▸ Data supplied
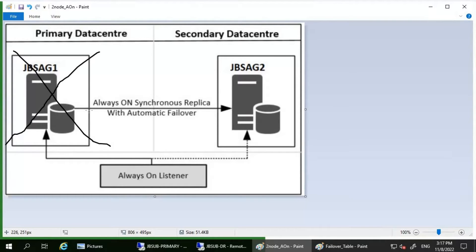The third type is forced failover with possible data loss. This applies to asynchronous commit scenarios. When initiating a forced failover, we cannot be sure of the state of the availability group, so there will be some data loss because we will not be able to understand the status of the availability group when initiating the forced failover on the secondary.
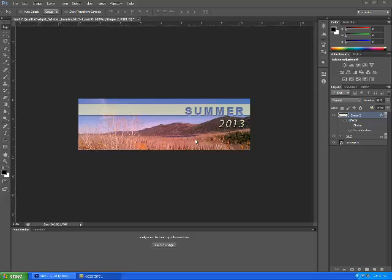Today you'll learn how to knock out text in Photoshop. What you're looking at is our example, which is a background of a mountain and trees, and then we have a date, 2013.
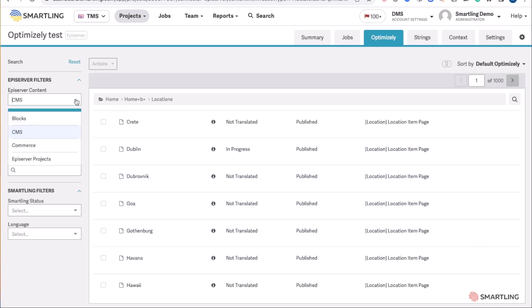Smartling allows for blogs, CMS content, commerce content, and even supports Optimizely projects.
...
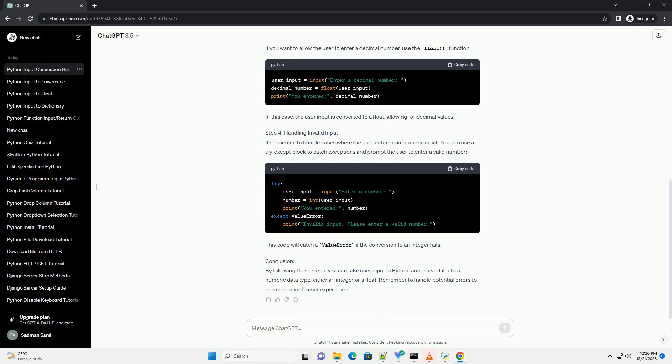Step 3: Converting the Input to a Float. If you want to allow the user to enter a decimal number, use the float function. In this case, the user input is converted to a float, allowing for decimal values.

▸ Task item
Starting at the line that contains "Today you'll learn" and ending at the line that contains "Smartling allows for", transcribe the material above exactly, excluding pictures.

▸ Exercise response
Today you'll learn how to knock out text in Photoshop. What you're looking at is our example, which is a background of a mountain and trees, and then we have a date, 2013.
Smartling allows for blogs, CMS content, commerce content, and even supports Optimizely projects.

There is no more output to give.